We love technology. It expands our world. It eases our work. It can make us safer. It has the capacity to connect us.
But as stories both global and local demonstrate, technology use can also overreach and intrude. Ask Angela Merkel, Germany’s prime minister, who had her phone tapped by the NSA. Or ask the scofflaw in the Walmart parking lot on Roosevelt who had the boot affixed after the village’s new Automatic License Plate Reader (ALPR) scanned his plate and pegged him for outstanding parking tickets.

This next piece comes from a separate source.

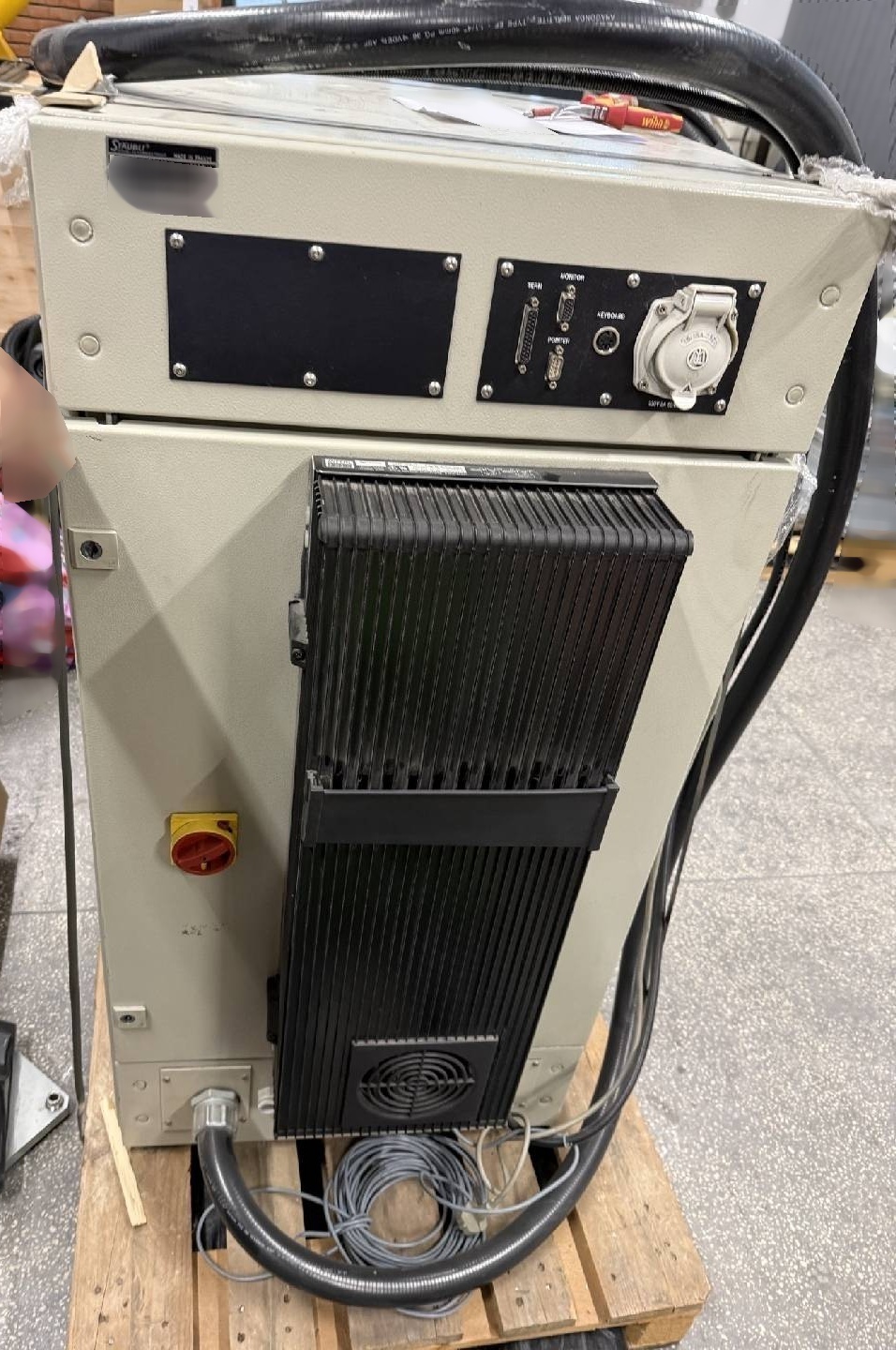 图为 已使用的 STAUBLI RX130 待售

Actually, we aren’t concerned about finding new ways to catch scofflaws. But we share the concern of the American Civil Liberties Union which has recently sent Forest Park and other towns Freedom of Information Act requests to find out just how the village is using its new ALPR cameras. The worry is that hundreds of other Kmart shoppers are having their license plates scanned while looking for the scofflaw in the haystack. Between May and October, Forest Park told the ACLU, 66,707 license plates were scanned and 52 citations were issued. The ACLU worries a gigantic NSA-like database is being built that allows the government to know where you were at many hours of the day.
In a demonstration to the Review, the police department made clear that the scanning equipment is cleared of all data every time the system is shut down. That’s good enough for us. But we appreciate the wary eye of both liberals and libertarians concerned about government data collection.